Ron and Becky Jolly

Ron and Becky Jolly’s ties to Moose Lodge 1038 go back to 1985.

ARIZONA CITY -- Ron Jolly joined the Loyal Order of Moose Lodge 1038 in the fall of 1985, just a month or so after arriving in Arizona City.

He followed his wife, Becky, from Plymouth, Indiana. She’d found a job teaching in the Toltec School District. She taught seventh and eighth grades for 30 years. Ron sold insurance. A few years later, he took up real estate.

Ron and Becky brought two young daughters with them, Amanda and Deedra. Son Nick was born in Arizona.

In 1985, the Arizona City lodge was still known as the Casa Grande Valley Moose Lodge. It had been incorporated in Casa Grande in 1970. But it quickly pulled up stakes and moved to Arizona City.

“They moved part of a building out here,” Ron said.

A new building went up as well. Moose officials broke ground for it in late 1971.

TV-star Rory Calhoun cut the ribbon for the grand opening in December 1972. He lent his name to the developers who donated land for it. He later had a falling out with them and sued. That’s another story.

Two years after Ron joined, the lodge jettisoned the Casa Grande name. That was 1987. It became Arizona City Loyal Order of Moose.

The name changed. The welcome mat stayed. The lodge became a second home to Ron, Becky and even the kids.

Ron had his own parking spot. It wasn’t marked as such, but the members knew. Reserved for Ron. Inside, he had his own space at the bar. He and Becky called it the Cheers Corner, an homage to the TV show about a neighborhood bar.

“Pretty much I was there every day of the week,” Ron said. “Same old corner.”

He’d be greeted by familiar faces. His lodge fellows. People he knew. People he could share a beer with. And, as Becky put it, shoot the bull.

“We’d talk about the same thing every day,” Ron said. “I drank Miller Lite. I was their No. 1 Miller Lite drinker.”

He rarely talked shop there. The lodge, the bar, was his refuge. His comfort zone.

I spoke to him and Becky last week. They sat next to each other at their kitchen table. I sat across from them, socially distant. Amanda, their daughter, stood nearby. Her three daughters, oldest 5, ran around and played.

Becky spoke up.

The lodge was more than a bar, she said. It was the family center. It was, after all, a place for families, she said. Not just men chatting over a beer.

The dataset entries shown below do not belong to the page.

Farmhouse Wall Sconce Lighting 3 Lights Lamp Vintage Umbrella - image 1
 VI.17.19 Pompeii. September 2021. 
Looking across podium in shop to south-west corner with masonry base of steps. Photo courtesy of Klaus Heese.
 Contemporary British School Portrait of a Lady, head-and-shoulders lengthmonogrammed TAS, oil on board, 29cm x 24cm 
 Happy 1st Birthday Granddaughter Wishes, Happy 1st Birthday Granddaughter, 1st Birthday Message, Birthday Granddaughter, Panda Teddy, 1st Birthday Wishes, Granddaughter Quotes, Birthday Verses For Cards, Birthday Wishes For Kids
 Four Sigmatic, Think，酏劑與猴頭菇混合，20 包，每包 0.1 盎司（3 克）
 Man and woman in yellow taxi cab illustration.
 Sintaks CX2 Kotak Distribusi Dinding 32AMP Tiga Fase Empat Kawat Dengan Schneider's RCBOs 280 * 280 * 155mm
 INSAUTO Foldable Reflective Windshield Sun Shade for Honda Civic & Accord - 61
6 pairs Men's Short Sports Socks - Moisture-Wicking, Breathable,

“Friday nights used to be kind of a family night,” Becky said. “It was a safe place to take the kids. You didn’t have to hire a babysitter. You could take the kids and they would play and stuff.”

Ron’s Cheers Corner had a cubbyhole by the bar. It was a good fit for young Nick, when he was 4 or 5 years old.

“Nick would climb up underneath there, and just go to sleep,” Becky said.

He learned to play pool, even as he could barely see over the table. It was three-ball pool. Games went fast.

The girls were older. They could stay up late. The lodge had tables and a small playroom with a TV, chairs and a sofa. And donated toys.

Every Christmas, Santa visited. Mrs. Claus helped.

“I remember we had Christmas parties,” Amanda said. “Every child gets a Christmas present. Bobbing for apples was a game we used to do.”

The grownups had their games, too. They played bingo in the dining room or the bar. Dinner was served every Wednesday and Friday. Fish fry or hamburgers.

“We had a pretty full menu,” Ron said.

Sunday poker was popular. Nickel, dime and quarter bets. Nobody got rich. But then nobody went away broke. Sunday was also a time to watch football, on one of a half-dozen TVs. Saturday night was reserved for darts.

“One year we had a men’s leg contest,” Becky said.

Contestants stood behind a curtain, raised just enough to show their legs, from the knees down. Prizes went for hairiest, most tanned and best-looking legs.

Max Moore had it all. He was decades older than the other contestants. Though he died in 2005, his legs were legendary.

“Oh, he had really nice-looking legs,” Becky said. “He’s a golfer and they were very tan. Athletic-looking legs.”

At other times, the lodge relived the ‘50s.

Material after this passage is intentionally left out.